Type:
Educational Exhibit
Keywords:
Pathology, Imaging sequences, CAD, Biopsy, MR-Diffusion/Perfusion, Mammography, MR, Thorax, Neuroradiology spine, Breast, Inflammation, Musculoskeletal spine
Authors:
N. Xing, A. L. Zhabg; Beijing/CN
DOI:
10.1594/ecr2012/C-1436
Imaging findings OR Procedure details
A retrospective review revealed 6 consecutive nonpalpable,
mammographically occult MRI-detected breast lesions scheduled for MRI-guided vacuum-assisted biopsy.
Biopsy was performed with a 8-gauge vacuum-assisted biopsy probe (Mammotome Systems).
1.5T MR scanner (Signa,
GE Healthcare) and a dedicated breast surface coil and breast biopsy device are used.
Patients were placed in the prone position in a dedicated phased-array. The breast is stabilized in a biopsy guidance grid by providing moderate compression.

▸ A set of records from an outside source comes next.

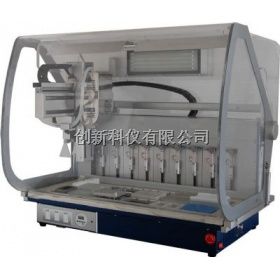 液体处理工作站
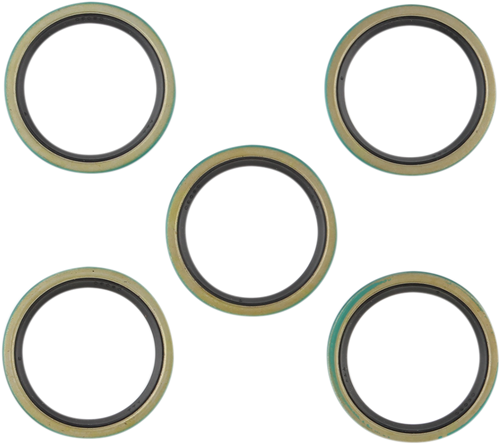 COMETIC Single Lip Main Shaft Seal - L'79-'81 Shovelhead C9513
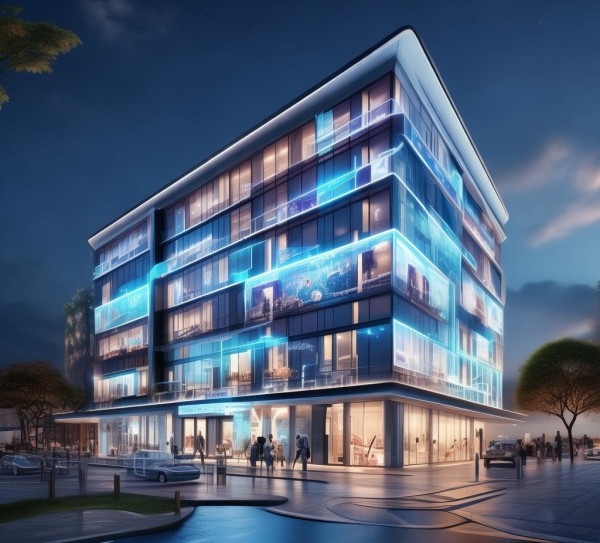 4G时代驱动下高端酒店战略的破局与新生,从技术变革到市场响应的深度转型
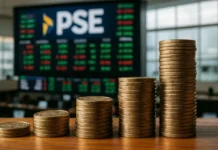 The PSE Just Raised Its Capital Raising Target to P204 Billion — What Filipino Investors Should Watch PSE capital raising
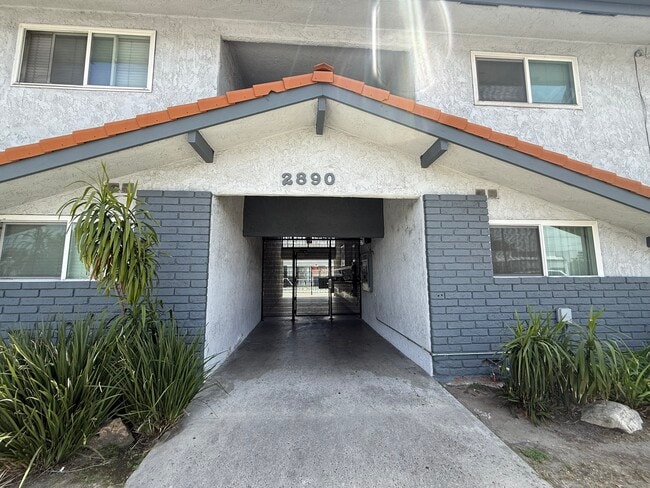 Building Photo - 2890 E Artesia Blvd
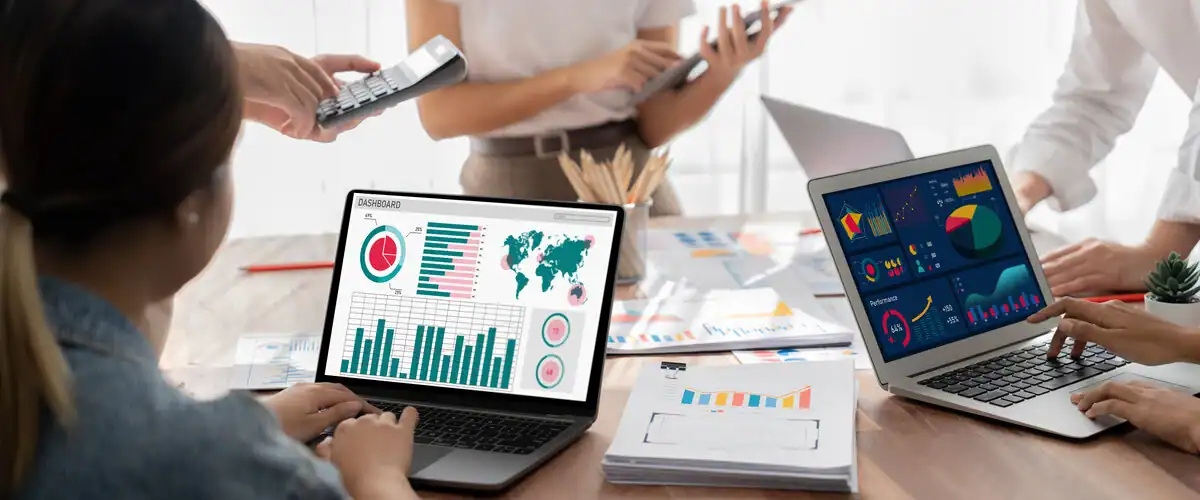 How To Utilize Power BI For Advanced Quickbooks Data Analytics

The grid comprised a gadolinium-filled guiding marker.
The pressure to fix the breast should be moderate,
because high pressure will change the blood supply to the breast and the lesion. After localizing sequences are acquired,
post-contrast-enhanced sagittal images are performed to confirm the persistence of the enhancing lesion noted on the prior diagnostic MRI.
The data were transferred to the workstation (DynaCAD 2.0,
Invivo).
The puncture site and the depth were automatically calculated by the workstation.
Medical records and histologic findings were reviewed. In the case of benign biopsy results,
a 6-month follow-up MRI should be performed.
Among 6 lesions,
biopsy was cancelled in 1 case,
because the lesion was too superficial to be localized by the workstation.
Of the remaining 5 lesions,
tissue was successfully acquired.
The median number of specimens obtained was 12 (range,
6–20).
The median time to perform MRI-guided biopsy was 45 min for one lesion (range,
30-55min).
Histological results in 5 lesions were infiltrating duct carcinoma in 1,
adenosis in 2,
intraductal papilloma in 1,
fibroadenosis with ductal ectasia in 1.